## WHAT NEEDS TO BE DONE
Only some lines are wanted. Transcribe, exactly, the lines below from the line with "Those are the" up to and including the line with "That's it. In".

## DATA FOR THIS TASK
=-=-=-=-=

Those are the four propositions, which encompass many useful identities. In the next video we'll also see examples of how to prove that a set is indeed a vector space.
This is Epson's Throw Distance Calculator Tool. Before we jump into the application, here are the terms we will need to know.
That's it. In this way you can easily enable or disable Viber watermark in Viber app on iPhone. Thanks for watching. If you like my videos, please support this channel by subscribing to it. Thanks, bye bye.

=-=-=-=-=

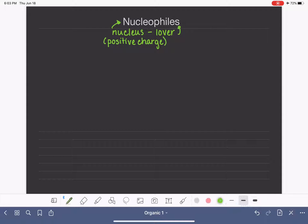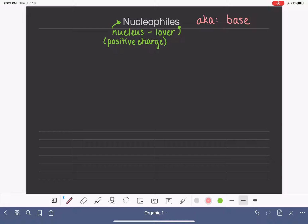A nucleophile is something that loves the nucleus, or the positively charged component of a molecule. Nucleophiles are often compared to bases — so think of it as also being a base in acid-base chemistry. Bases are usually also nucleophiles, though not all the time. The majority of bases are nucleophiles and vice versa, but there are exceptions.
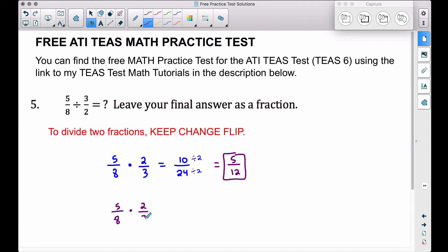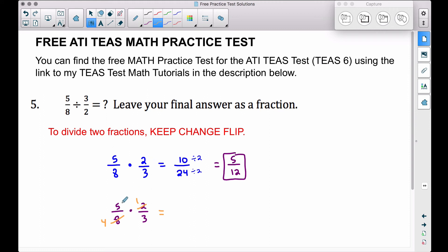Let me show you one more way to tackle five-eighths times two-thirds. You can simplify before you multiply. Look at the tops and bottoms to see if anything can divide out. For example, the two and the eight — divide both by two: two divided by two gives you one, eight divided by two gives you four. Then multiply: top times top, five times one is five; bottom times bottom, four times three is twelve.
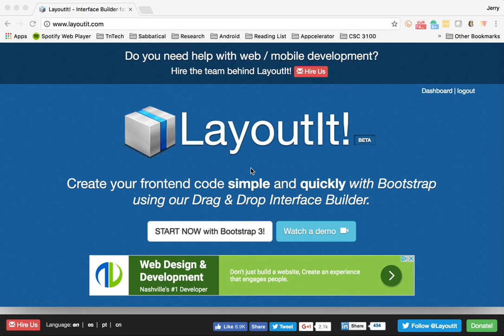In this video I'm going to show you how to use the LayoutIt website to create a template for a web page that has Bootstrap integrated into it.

=-=-=-=-=

## ANSWER BOX
Those are the four propositions, which encompass many useful identities. In the next video we'll also see examples of how to prove that a set is indeed a vector space.
This is Epson's Throw Distance Calculator Tool. Before we jump into the application, here are the terms we will need to know.
That's it. In this way you can easily enable or disable Viber watermark in Viber app on iPhone. Thanks for watching. If you like my videos, please support this channel by subscribing to it. Thanks, bye bye.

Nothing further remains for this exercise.